我小時候有一本畫冊,封面印著「大同商專」。(我有非常多大同商專筆記本,多到同學都會問我哪來的。告訴他們我以前是大同商專畢業的,可是都沒有人要相信。)裡頭那一條條橫格線並無礙,照畫不誤;有加菲貓,有歐弟,還有小熊。小熊十分擬真,是照著美國舅舅寄給我的繪本畫的,故事是說有一隻小熊跑去拜訪奶奶,沒有遇到大野狼。除了熊家族的成員都一向直立、從來沒用四隻腳走過路之外,裡頭每張素描都寫實,毛髮一根根相當細緻,知更鳥活靈活現像是會跳出來唱歌一般。

我畫得非常好。

我很會畫小動物。

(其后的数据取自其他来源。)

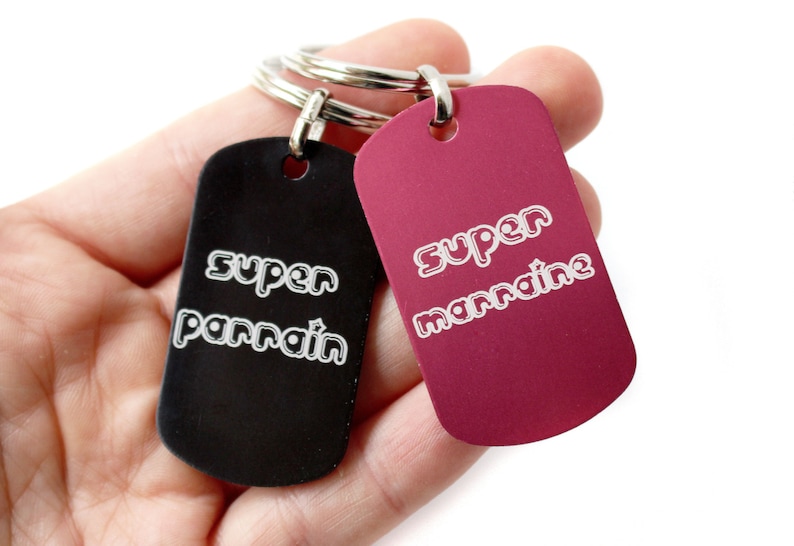 Puede incluir: Dos llaveros negros y rojos con anillos plateados. El llavero negro tiene el texto "super parrain" y el llavero rojo tiene el texto "super marraine".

記得小學時,老師把我們的暑假作業圖畫貼到佈告欄上,問大家最喜歡哪張作品。同學們大聲說「小狗!小狗」,坐我前面的阿棋叫得尤其大聲。小狗就是我畫的,兩隻一坐一趴相偎,茸茸毛髮在風拂下輕顫,眼睛會出水。我很喜歡小狗,也很喜歡阿棋。

阿棋就是〈論語〉裡生日會上最會跑步的男同學。拿筆姿勢有點古怪,筆桿尾會往前傾,可是寫出來的字很秀氣很迷人。他來過我家不只一次;有回他指著陽臺上晾的衣服問:

「哇,好多內褲!那是你的內褲嗎?」

我抬頭一看,大驚,急得趕緊否認:「不是啦不是啦!那是我表妹的!她昨天來我家玩!」

(話說我表妹那時應該還在包尿片⋯⋯)

第二天上學,阿棋就到處跟別人說在我家看到很多我的內褲。我回家哭著跟媽媽抱怨那天為什麼沒把內褲收起來。

畢業前夕,阿棋在我的畢業紀念冊他檔案欄裡寫著:

「最喜歡的東西:內褲。」(旁邊還畫了好幾件⋯⋯。)


畢業紀念冊把我的通訊地址印錯了。上國中後,偶爾會接到來自小學同學的卡片,其中有好幾封是我大老遠跑到那個錯誤地址處領回的;還是難免漏失幾張。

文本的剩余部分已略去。